Highway 61 Revisited Hohner Pianet

Recently, Bob Dylan's Instagram account posted a picture from 1965.  Luckily, I downloaded it before it was deleted a day or two later.

Forest Hills Tennis Stadium in New York, 18 August 1965

It's just possible to make out Al Kooper and a Hohner Pianet to the left of Dylan.  The legs indicate that it's a Mark 1, C, or CH model.

Seeing this picture reminded me that back in May, I discovered that there's Pianet on Dylan's Highway 61 Revisited album.  I did some research and found a Keyboard Magazine interview* with Al Kooper from June 1977 that notes specifically that there's Pianet in "Just Like Tom Thumb's Blues."  This is confirmed in Andy Gill's Bob Dylan: The Stories Behind the Songs 1962-1969, which also mentions that Kooper played "the galloping electric piano" on "Highway 61 Revisited."  I believe there's Pianet in "Ballad of a Thin Man" too.

I listened to The Bootleg Series Volume 12: The Best of the Cutting Edge 1965-1966 to see if I could find any more instances of Pianet, and I'm pretty sure it's also present in "Lunatic Princess."  The liner notes list simply "electric piano," again credited to Al Kooper.
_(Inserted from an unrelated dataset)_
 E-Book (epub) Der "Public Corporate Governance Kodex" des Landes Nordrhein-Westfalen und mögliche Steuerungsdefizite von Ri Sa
There's electric piano in some songs on Bringing It All Back Home (and in "If You Gotta Go, Go Now" on The Best of the Cutting Edge), but these were recorded before Al Kooper started playing with Dylan.  The Best of the Cutting Edge credits Frank Owens and Paul Griffin on these tracks.  While the electric piano is often buried in the mix on Bringing It All Back Home, it sounds more like Wurlitzer to me.  Based on the Keyboard Magazine interview, it seems that Kooper was the one who introduced the Pianet into Dylan's sound.